OK, use bellow link to download bluetooth driver:
https://ftp.hp.com/pub/softpaq/sp73001-73500/sp73250.exe

Install the driver and reboot system, let me know if this works.


----------



## Qwacu (Apr 4, 2020)

okay


----------



## Qwacu (Apr 4, 2020)

Am done installing but the same responds as the initial. I think what I downloaded and installed didn't work as expect


----------



## zebanovich (Mar 2, 2019)

OK, please press windows button and then settings
Click on "Updates & Security"
Click on "Troubleshot"
From the list select "Bluetooth"
If there is no list click on "Additional troubleshooters" and select "Bluetooth"

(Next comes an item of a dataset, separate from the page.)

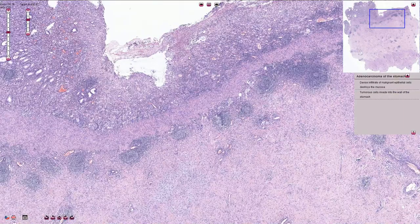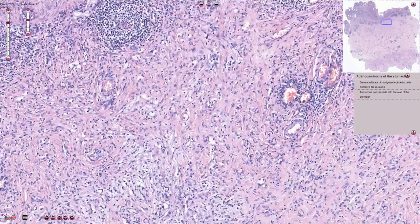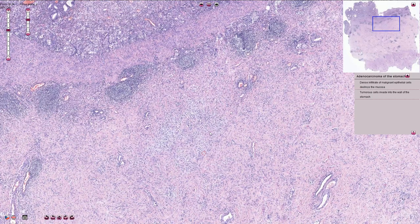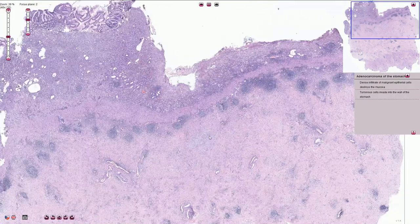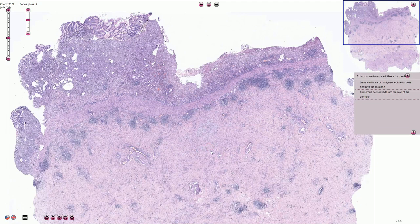Here we have the mucosa infiltrated by the tumor. This is the lamina propria, and here we are in the submucosa. On higher magnification we can see that these malignant cells are also present here — this is infiltration of the submucosa by the poorly cohesive carcinoma. It is quite useful to use immunohistochemistry because these cells can be quite inconspicuous, and sometimes we are surprised to see that it goes much deeper than originally thought.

If the troubleshooter doesn't fix the problem after installing the driver, you either do not have bluetooth device or there is no driver that works for current windows 10.


----------



## Qwacu (Apr 4, 2020)

I think there is no bluetooth device


----------



## zebanovich (Mar 2, 2019)

Yes obviously there is no bluetooth adapter.
Fell free to uninstall bluetooth driver.


----------



## Qwacu (Apr 4, 2020)

okay


----------



## zebanovich (Mar 2, 2019)

I forgot but it could be possible your bluetooth adapter is physically turned off.
Usually there is some button on laptop to turn it on.
On some laptops it's possible to turn on/off using keyboard shortcut.

See example manual,
open the manual and press CTRL + F, then search for "bluetooth" to browse the manual:
http://h10032.www1.hp.com/ctg/Manual/c04784770


----------



## Qwacu (Apr 4, 2020)

the guidelines they are giving requires that you already have bluetooth drivers on your computer


----------



## zebanovich (Mar 2, 2019)

You already know how to get bluetooth driver, just repeat the steps discussed so far to install them and try again following manual and running troubleshooter.


----------



## Qwacu (Apr 4, 2020)

is still not working


----------



## zebanovich (Mar 2, 2019)

OK, so there is indeed no bluetooth adapter on your computer.


----------



## Qwacu (Apr 4, 2020)

yeah


----------



## managed (May 24, 2003)

Try this driver :- https://ftp.hp.com/pub/softpaq/sp72001-72500/sp72163.exe


----------



## MisterEd51 (Feb 25, 2020)

HP Notebook - 15-f387wm (Touch) (ENERGY STAR) Product Specifications
https://support.hp.com/us-en/document/c04936075

Are you sure your laptop has bluetooth?

I have several computers with Windows 10. They all have that same menu for Settings > Device
The top of the dialog always show "Bluetooth & other devices" whether they have Bluetooth or not.
In other words that menu alone does not tell you whether your notebook has bluetooth

I did an experiment with a computer that I know has never had bluetooth.
1. The computer showed the same "Bluetooth & other devices" dialog
2. I inserted a blutooth dongle into a USB port
3. Windows automatically installed the generic Microsoft bluetooth driver
4. I looked at the same "Bluetooth & other devices" dialog
5. Now below "Add Bluetooth or other device" was a new option "Bluetooth Off/On"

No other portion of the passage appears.